All Products
Search
Document Center

Platform For AI:DLC FAQ

Last Updated:Jan 06, 2026

This topic provides answers to frequently asked questions about Deep Learning Containers (DLC) of Platform for AI (PAI).

Q: Model training failed with the error: SupportsDistributedTraining false, please set InstanceCount=1

  • Cause: The current training task uses multiple instances (node count greater than 1), but this model does not support distributed training.

  • Solution: Set the number of nodes to 1.

    image

Q: Model training failed with the error: failed to compose dlc job specs, resource limiting triggered, you are trying to use more GPU resources than the threshold.

The training job exceeds the limit of 2*GPU running concurrently. Wait for current jobs to complete before starting new ones, or submit a ticket to request a higher quota.

Q: What do I do if the "exited with code 137" error message appears?

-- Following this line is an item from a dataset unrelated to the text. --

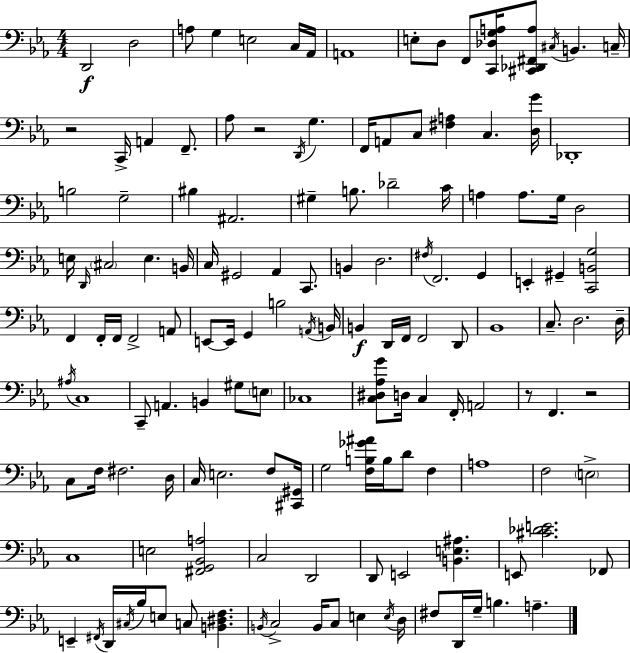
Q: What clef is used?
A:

If the "exited with code 137" error message appears, you can use instances that have a larger memory size, increase the number of worker nodes, or modify the reserved memory size in your code.

image

In Linux, the error code 137 indicates that the process is forcibly aborted by the SIGKILL signal. The most common reason is high memory usage, also known as the Out of memory (OOM) error. You can identify the cause of insufficient memory based on the memory usage of the worker nodes in the job details and increase the available memory.

Q: What do I do if the job status is Failed or Dequeued?

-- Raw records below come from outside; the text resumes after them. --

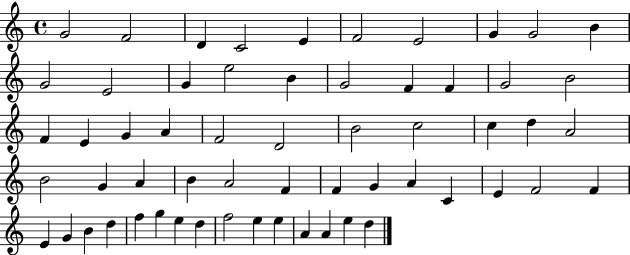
{
  \clef treble
  \time 4/4
  \defaultTimeSignature
  \key c \major
  g'2 f'2 | d'4 c'2 e'4 | f'2 e'2 | g'4 g'2 b'4 | \break g'2 e'2 | g'4 e''2 b'4 | g'2 f'4 f'4 | g'2 b'2 | \break f'4 e'4 g'4 a'4 | f'2 d'2 | b'2 c''2 | c''4 d''4 a'2 | \break b'2 g'4 a'4 | b'4 a'2 f'4 | f'4 g'4 a'4 c'4 | e'4 f'2 f'4 | \break e'4 g'4 b'4 d''4 | f''4 g''4 e''4 d''4 | f''2 e''4 e''4 | a'4 a'4 e''4 d''4 | \break \bar "|."
}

The following table describes the sequence of job execution statuses for DLC.

Job Type

Status Sequence

Pay-as-you-go resources

Lingjun preemptible resources

Creating -> Bidding -> Environment Preparing -> Running -> Succeeded / Failed / Stopped

Lingjun resources or general computing public resources

Creating -> Environment Preparing -> Running -> Succeeded / Failed / Stopped

Subscription resources

Creating -> Queued -> Environment Preparing -> Running -> Succeeded / Failed / Stopped

  • What to do if the status is Environment Preparing?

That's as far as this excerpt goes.